Good technology is valuable in making elements of the system strong, but envisaging all possible modes of failure requires healthy skepticism and a system science point of view.
A service provider usually makes available the software and related infrastructure for running an election to the entity holding the election over the Internet. The service provider is selected to be a trusted partner, and is beyond suspicion.
However, the client organization needs to ensure that everything else is well thought out and is free of risks. Some service providers create a password file starting with a list of email IDs of all voters provided by the client entity, and linking a machine-generated password to each ID. Each voter will need the password linked to his/her email ID in the password file for casting a vote. The service provider’s system would send an email to each voter for this purpose, giving the password to be used. It would also describe the procedure to be followed.
The password file would be sent to an officer nominated by the client entity, to inform them the list of all voters contacted. This would also allow the voters to be offered any necessary help in case of a missed email, etc. The officer nominated to handle the password file could be a paid employee or an elected person (let us call this officer Y). Some of the possible risks to the election arise from how safely this file is handled.
Another possible risk arises from the fact that the list of eligible voters may not be accurate enough. Some of them might have left their companies and their email accounts might have been deleted, unknown to the party conducting the election. Hundreds of orphaned emails inviting members to vote and giving the necessary password could bounce; the election software might direct them to Y. How these emails are handled, and who all can access them, will again decide how reliable the election is going to be.

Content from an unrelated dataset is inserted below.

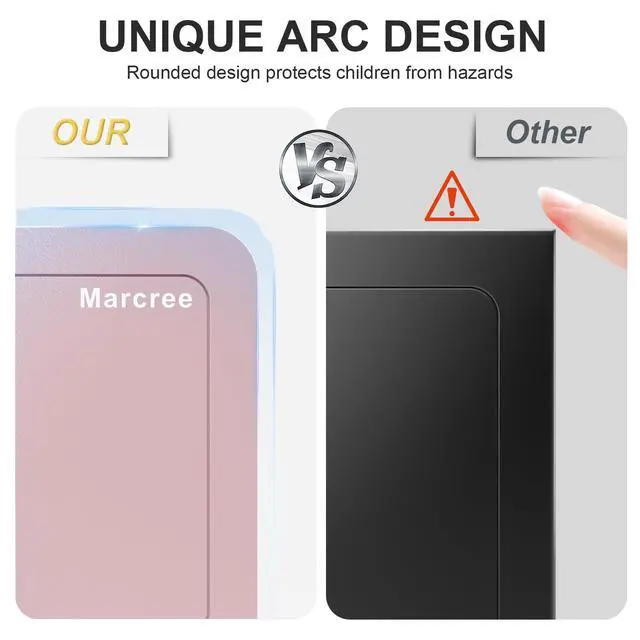 Alt view image 3 of 7 - 0.23 Cubic Small Safe Box for Home, Mini Safes for Kids, Pink Safe | Security Cabinet Safes with Cutting-edge Bending, Lock Box with Keys for Money Cash, 6.69x 9.06x 6.69 Inches, Pink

One would have to consider the specifics of any system used and the supervisory mechanisms that oversee the election to find possible modes of failure such as the two described above.
In many cases, there may be simple ways of reducing risks from any anticipated failure mode. For instance, the service provider who makes the IT infrastructure available for elections could withhold the password file till the election is over and then make it available to Y. Similarly, there is no need to make available any bounced emails to Y till after the election is over. This means that Y cannot help any voter who does not receive an email from the service provider; however, if the list of voter email addresses given to the service provider is reliable, Y’s intervention would be unnecessary.
The mode of operation described above is only one of many possible modes; but the concern for integrity of the election will be there in any case!
The aim of this blog post is to sensitize all those concerned with the integrity of online elections to some of the obvious risks in one mode of operation.